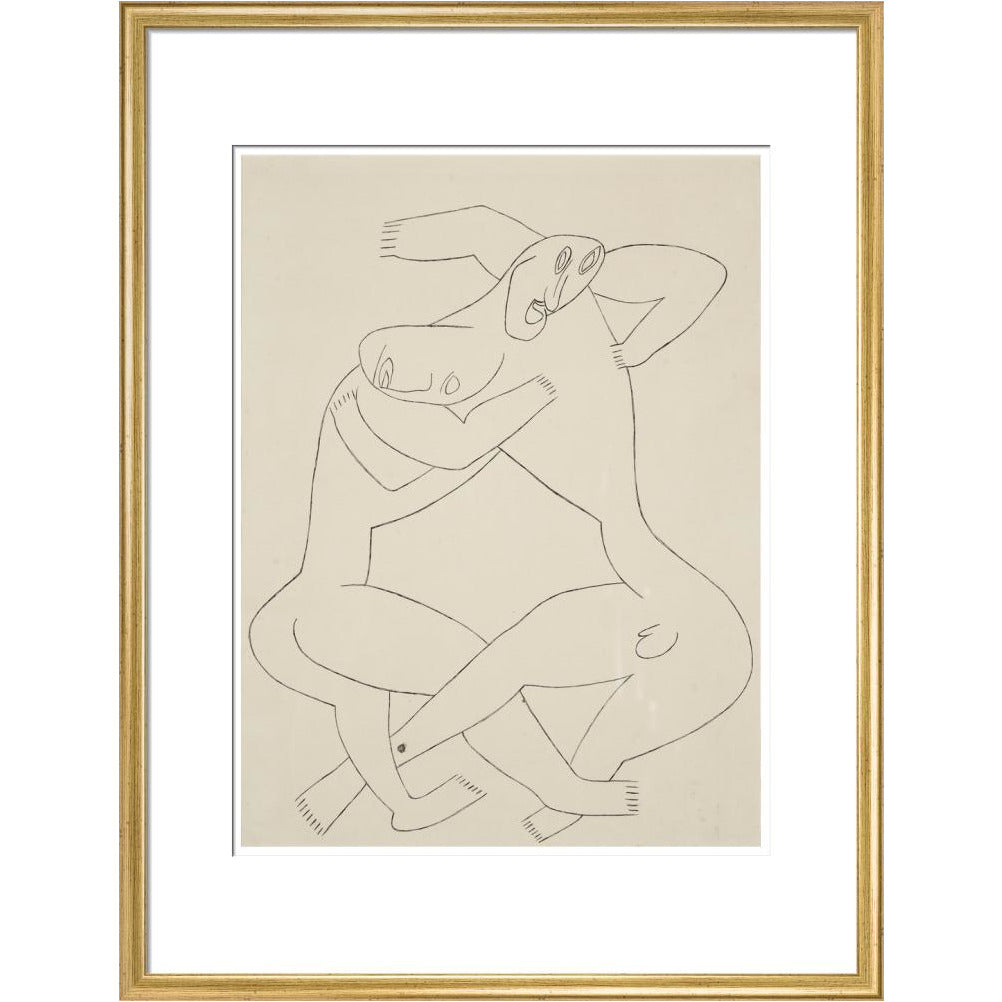 Two men wrestling - Art print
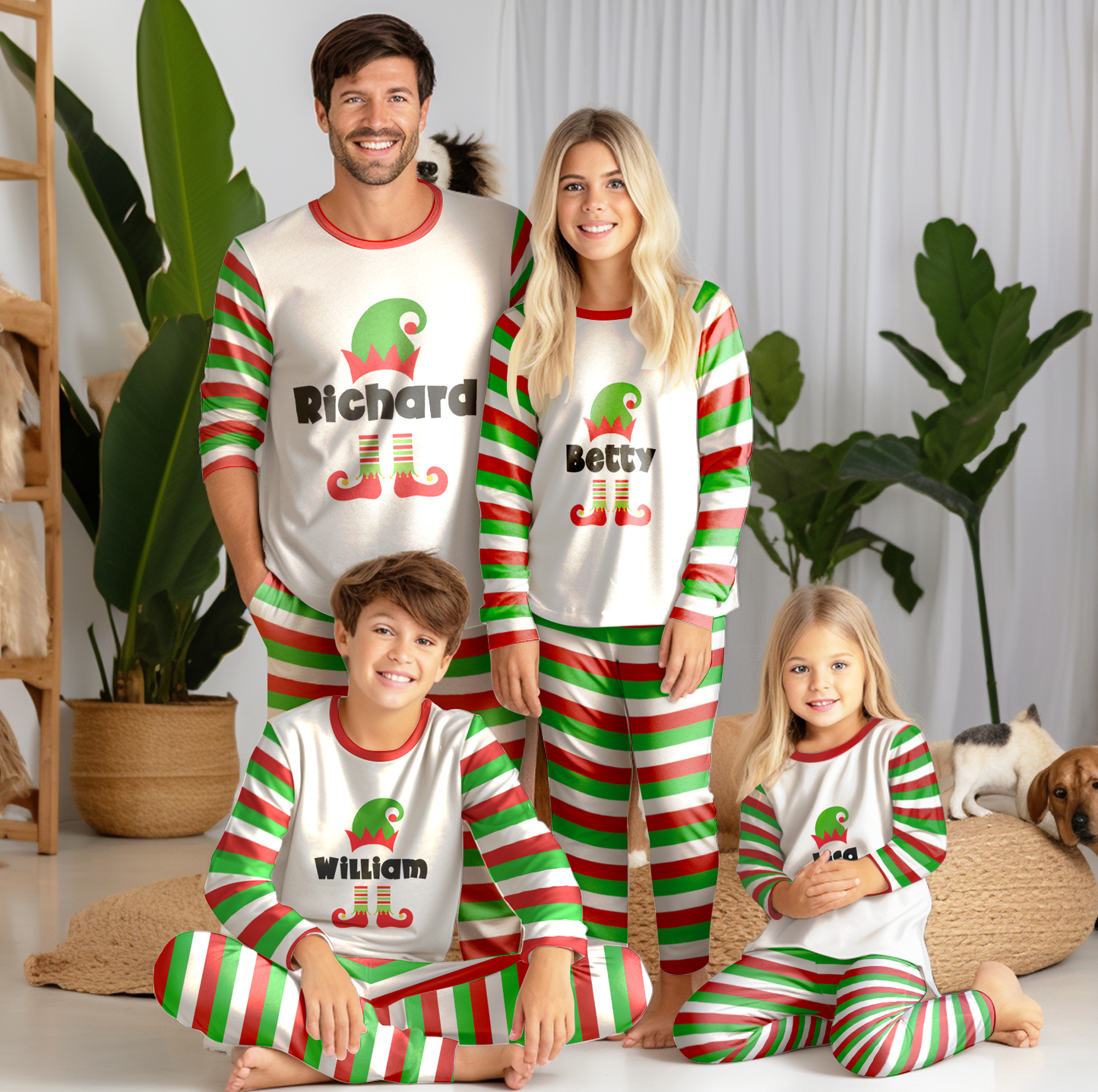 Macorner Elf Family Personalized Pajama Set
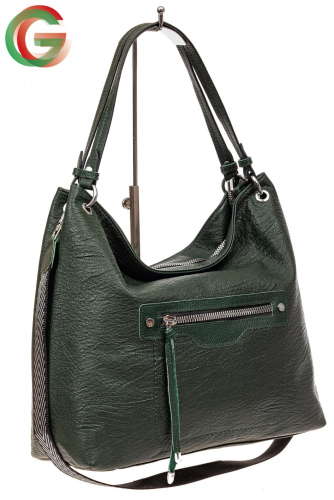 Большая женская сумка из искусственной кожи, цвет зеленый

####

» TASK OBJECTIVE
Please give back every line above exactly as it stands, without pictures.

» EXERCISE ANSWER
 Two men wrestling - Art print
 Macorner Elf Family Personalized Pajama Set
 Большая женская сумка из искусственной кожи, цвет зеленый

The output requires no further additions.